Entre sanctions contre la Russie et réserves stratégiques, le baril de pétrole WTI désormais en dessous de la barre symbolique des 100 dollars

Malgré la nouvelle série de sanctions imposées à la Russie, l'attention du marché reste portée sur la promesse des membres de l'Agence internationale de l'énergie (AIE), hors Etats-Unis, de puiser 60 millions de barils dans leurs réserves d'urgence.

La Libre Eco avec AFP
Les Etats-Unis ont annoncé une nouvelle série de sanctions "dévastatrices" contre la Russie, visant les grandes banques et les enfants de Vladimir Poutine.
Les Etats-Unis ont annoncé une nouvelle série de sanctions "dévastatrices" contre la Russie, visant les grandes banques et les enfants de Vladimir Poutine. ©Shutterstock

Les prix du pétrole se reprenaient jeudi, après leur dégringolade de la veille, tiraillés entre les nouvelles sanctions occidentales contre la Russie et l'utilisation des réserves stratégiques d'or noir des membres de l'AIE.

Vers 09H30 GMT (11H30 à Paris), le baril de Brent de la mer du Nord pour livraison en juin prenait 1,19 % à 102,27 dollars.

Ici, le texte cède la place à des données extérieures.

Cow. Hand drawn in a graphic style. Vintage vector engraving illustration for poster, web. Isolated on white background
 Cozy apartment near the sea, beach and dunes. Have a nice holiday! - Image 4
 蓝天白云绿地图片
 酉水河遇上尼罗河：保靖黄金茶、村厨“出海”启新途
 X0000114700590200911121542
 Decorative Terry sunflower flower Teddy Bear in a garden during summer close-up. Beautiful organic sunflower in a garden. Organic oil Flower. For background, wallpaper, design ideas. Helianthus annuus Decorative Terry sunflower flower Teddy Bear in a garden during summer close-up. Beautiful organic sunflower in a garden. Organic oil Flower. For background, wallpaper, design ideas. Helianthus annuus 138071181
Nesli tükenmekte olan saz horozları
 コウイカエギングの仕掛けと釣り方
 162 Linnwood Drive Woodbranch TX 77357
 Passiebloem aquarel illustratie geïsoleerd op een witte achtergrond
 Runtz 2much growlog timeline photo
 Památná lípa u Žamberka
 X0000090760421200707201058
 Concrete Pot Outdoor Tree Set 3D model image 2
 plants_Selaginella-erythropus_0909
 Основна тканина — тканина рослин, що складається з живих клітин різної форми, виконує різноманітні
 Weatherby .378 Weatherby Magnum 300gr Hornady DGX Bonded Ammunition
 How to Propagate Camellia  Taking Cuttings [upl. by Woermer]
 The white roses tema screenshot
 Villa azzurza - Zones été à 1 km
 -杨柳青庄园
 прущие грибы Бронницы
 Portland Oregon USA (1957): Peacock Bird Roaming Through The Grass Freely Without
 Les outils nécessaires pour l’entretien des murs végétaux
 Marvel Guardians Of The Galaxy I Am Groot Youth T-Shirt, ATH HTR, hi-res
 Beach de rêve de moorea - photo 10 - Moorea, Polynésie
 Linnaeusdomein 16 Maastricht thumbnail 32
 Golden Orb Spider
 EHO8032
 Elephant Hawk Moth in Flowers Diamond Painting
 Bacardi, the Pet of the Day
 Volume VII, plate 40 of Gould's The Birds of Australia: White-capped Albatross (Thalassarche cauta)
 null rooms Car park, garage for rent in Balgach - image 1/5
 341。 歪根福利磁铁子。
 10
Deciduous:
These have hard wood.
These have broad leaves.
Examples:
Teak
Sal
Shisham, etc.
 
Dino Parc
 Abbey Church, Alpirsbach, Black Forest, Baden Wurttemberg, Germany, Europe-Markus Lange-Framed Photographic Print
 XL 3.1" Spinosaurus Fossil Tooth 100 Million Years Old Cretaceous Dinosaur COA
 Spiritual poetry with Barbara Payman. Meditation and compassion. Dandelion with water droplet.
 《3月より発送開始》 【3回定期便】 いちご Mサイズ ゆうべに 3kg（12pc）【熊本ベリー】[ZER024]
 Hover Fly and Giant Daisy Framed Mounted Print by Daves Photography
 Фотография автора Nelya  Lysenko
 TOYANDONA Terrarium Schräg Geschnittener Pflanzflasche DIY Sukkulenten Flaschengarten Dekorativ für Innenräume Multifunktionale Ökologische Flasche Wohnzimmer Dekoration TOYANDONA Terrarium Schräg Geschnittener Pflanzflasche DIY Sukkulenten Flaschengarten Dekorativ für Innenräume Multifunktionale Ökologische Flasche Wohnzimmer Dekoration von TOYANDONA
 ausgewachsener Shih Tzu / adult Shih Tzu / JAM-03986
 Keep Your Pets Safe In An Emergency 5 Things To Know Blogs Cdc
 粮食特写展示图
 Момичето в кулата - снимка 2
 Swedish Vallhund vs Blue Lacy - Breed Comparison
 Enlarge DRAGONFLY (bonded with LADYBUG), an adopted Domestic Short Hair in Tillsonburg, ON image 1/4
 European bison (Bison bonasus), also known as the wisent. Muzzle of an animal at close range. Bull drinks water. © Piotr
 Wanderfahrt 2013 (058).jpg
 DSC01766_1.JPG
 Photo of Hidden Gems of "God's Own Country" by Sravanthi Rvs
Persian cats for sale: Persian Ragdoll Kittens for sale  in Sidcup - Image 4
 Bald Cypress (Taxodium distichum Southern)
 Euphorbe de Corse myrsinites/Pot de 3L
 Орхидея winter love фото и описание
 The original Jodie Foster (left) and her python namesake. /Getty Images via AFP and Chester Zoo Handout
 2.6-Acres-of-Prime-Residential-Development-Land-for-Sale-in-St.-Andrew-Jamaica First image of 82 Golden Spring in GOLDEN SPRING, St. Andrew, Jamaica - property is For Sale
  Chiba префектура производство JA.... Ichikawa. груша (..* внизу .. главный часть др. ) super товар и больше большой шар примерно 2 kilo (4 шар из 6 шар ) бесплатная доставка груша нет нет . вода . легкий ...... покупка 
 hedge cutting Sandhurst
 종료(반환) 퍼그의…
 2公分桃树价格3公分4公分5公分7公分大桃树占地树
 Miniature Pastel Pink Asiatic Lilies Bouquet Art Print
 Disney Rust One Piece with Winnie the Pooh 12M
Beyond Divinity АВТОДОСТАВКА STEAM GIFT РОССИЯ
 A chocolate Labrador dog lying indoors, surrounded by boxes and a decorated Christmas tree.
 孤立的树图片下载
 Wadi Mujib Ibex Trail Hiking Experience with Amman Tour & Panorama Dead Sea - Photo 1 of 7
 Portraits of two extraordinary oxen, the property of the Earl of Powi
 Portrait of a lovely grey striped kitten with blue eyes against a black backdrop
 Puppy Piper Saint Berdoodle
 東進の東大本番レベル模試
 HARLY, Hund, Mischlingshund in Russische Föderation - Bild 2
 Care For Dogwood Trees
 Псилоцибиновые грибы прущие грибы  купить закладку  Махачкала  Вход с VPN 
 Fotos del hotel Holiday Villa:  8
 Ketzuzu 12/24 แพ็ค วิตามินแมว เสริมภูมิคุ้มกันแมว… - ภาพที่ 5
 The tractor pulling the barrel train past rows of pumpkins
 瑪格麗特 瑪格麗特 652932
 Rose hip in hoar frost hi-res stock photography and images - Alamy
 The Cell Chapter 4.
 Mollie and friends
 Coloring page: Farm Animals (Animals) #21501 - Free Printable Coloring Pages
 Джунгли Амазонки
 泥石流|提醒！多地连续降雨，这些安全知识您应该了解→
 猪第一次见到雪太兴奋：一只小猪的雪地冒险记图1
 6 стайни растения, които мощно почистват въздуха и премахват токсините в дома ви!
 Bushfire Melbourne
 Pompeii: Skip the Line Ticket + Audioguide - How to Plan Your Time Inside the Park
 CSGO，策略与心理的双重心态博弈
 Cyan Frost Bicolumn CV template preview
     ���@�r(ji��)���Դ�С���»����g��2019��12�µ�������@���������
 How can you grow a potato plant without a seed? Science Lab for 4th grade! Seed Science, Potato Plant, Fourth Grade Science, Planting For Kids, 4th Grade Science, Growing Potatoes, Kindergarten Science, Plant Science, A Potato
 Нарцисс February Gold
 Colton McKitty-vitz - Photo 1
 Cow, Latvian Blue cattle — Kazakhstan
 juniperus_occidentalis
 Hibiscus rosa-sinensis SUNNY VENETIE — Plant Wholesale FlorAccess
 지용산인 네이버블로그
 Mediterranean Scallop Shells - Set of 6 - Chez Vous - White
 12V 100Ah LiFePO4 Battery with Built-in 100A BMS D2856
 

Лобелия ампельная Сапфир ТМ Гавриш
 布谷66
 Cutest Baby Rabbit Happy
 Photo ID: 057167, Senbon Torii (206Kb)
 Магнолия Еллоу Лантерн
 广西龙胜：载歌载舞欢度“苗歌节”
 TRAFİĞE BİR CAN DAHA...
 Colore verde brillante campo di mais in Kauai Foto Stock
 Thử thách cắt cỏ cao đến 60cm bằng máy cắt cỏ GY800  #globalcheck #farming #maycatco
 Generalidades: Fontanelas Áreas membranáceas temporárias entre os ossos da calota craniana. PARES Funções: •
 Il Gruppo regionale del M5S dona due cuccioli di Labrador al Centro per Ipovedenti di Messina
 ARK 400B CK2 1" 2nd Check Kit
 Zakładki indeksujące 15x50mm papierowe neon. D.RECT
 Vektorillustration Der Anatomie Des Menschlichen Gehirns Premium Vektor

Le baril de West Texas Intermediate (WTI) américain pour livraison en mai gagnait quant à lui 1,05 % à 97,26 dollars.

Les Etats-Unis ont annoncé une nouvelle série de sanctions "dévastatrices" contre la Russie, visant les grandes banques et les enfants de Vladimir Poutine.

L'Union européenne examine un 5e ensemble de sanctions qui, pour la première fois, comporte des mesures dans le secteur de l'énergie avec un embargo sur les achats de charbon à la Russie et la fermeture des ports de l'UE aux navires russes. Les sanctions européennes sur le pétrole russe ont cependant pour le moment été évitées, "bien que les voix des partisans de cette mesure drastique se fassent de plus en plus entendre, l'indignation suscitée par le massacre de civils augmentant de jour en jour", dit Tamas Varga, analyste chez PVM Energy.

Malgré la nouvelle série de sanctions imposées à la Russie, l'attention du marché reste portée sur la promesse des membres de l'Agence internationale de l'énergie (AIE), hors Etats-Unis, de puiser 60 millions de barils dans leurs réserves d'urgence.

De quoi contribuer "à apaiser les inquiétudes en matière d'approvisionnement", explique Susannah Streeter, analyste pour Hargreaves Lansdown.

Cette promesse intervient une semaine après l'engagement du président des Etats-Unis Joe Biden de libérer 180 millions de barils supplémentaires sur les prochains mois. "Au vu de ces quantités, les inquiétudes antérieures concernant la pénurie d'approvisionnement ne sont plus justifiées, comme le montre également l'évolution des prix", commente Carsten Fritsch, analyste chez Commerzbank.

Si ces initiatives ont provoqué une baisse significative des prix du pétrole, le WTI évoluant désormais en dessous de la barre symbolique des 100 dollars le baril, "elles ne devraient pas être en mesure de compenser le déficit russe attendu de 2,5 à 3 millions de baril par jour", prévient Tamas Varga.